Some say firing a customer can be sound strategic practice.
Then what about a mass customer layoff?
That’s what Libertyville-based MBX Systems did in 2010 when growing pains prompted it to do a revenue analysis. The company that makes custom server hardware for software firms found that smaller customers made up most of the work but not most of the income or profit.
Jill Bellak, MBX president and chief operating officer, explains how the company reset its business by culling nearly two-thirds of its clients.
Q. What prompted this decision?
A. We were starting to attract some bigger customers, and were having a hard time making sure we had the resources to keep those bigger customers happy. We discovered that the cost of doing business with smaller customers was very, very high.
Q. How so?
A. We had probably 215 active customers, and 15 percent of them were generating about 85 percent of our revenue.
Q. What did you do?
A. We determined where to draw the line. We went through a process with customers to help them understand how our business had changed and how we were no longer going to be the best choice for them. We gave them some options.
We put policies into place that if they were willing to buy in particular quantities and pay for some of the services that we could no longer provide for free that we would continue to service them.
We also identified other vendors that we thought were a good match for them, and we gave them a period of time in which to make those adjustments. Some people chose those options. Others made the decision to move to other vendors. We gave them six months to make that move so they wouldn’t face any business interruptions.
Q. How many clients left?
A. We ended up losing just over 60 percent of our customers through that process. That represented only about 6 percent of our revenue.
Q. How did that change the business?
A. Today, our top 25 customers are 85 percent of our business out of 42 active customers.

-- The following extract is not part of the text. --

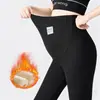 Leggings de maternidade plus size para emagrecer e usar como roupa externa, novo modelo 2026, não apertam durante a gravidez, calças quentes com forro de fleece, moda outono para gestantes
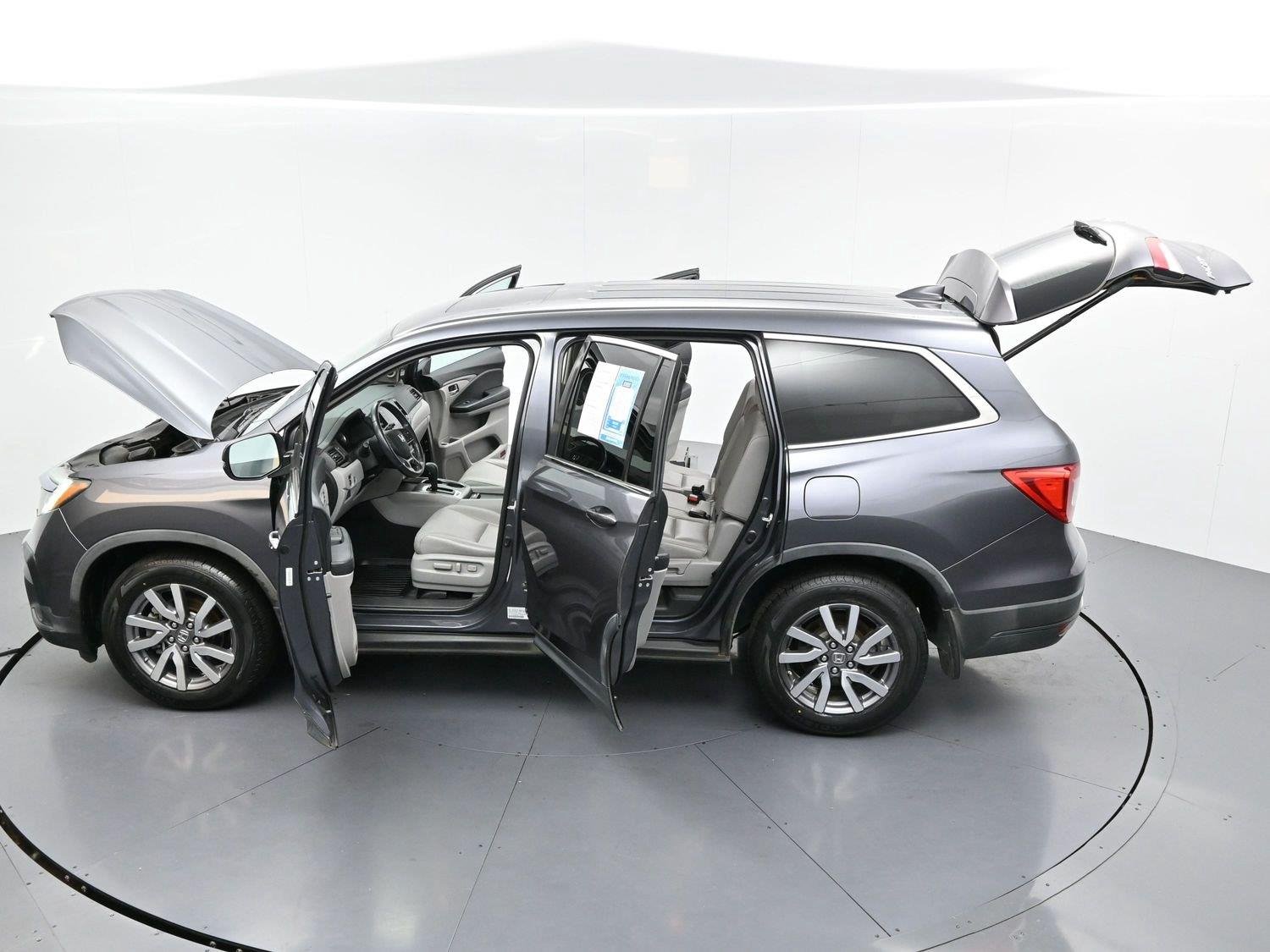 Used 2019 Modern Steel Metallic Honda EX-L image 46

Our focus is on bringing in customers that fit more into this core that’s ordering more frequently and in larger quantities, which allows us to provide a higher level of service.
Now our accounts have an account manager paired with account coordinators. Sometime in the future we’re going to be adding an additional resource called an account executive. Their entire role will be more about our customers’ business plans and how we can help fit into that and help them with their overall growth.
Q. How would you advise other companies in a similar situation?
A. As our business was changing, we could have seen that sooner. We continue to watch that and want to make sure we’re targeting the right changes as we grow and change.
We were humane about it. We wanted to make sure we did everything in our power to not hurt our customers.
We also spent time with our employees to make sure they understood how we were doing it and why it was in everyone’s best interest.
Lastly, make sure you’re reading the numbers right. Make sure you measure twice and cut once.
Q. You said you could have spotted the problem sooner. How so?
A. This wasn’t the case with us, but the sign that I would look for is revenue per employee. We acquired a large customer that we couldn’t hire staff for fast enough. To continue at that pace we would have seen our revenue per employee go down.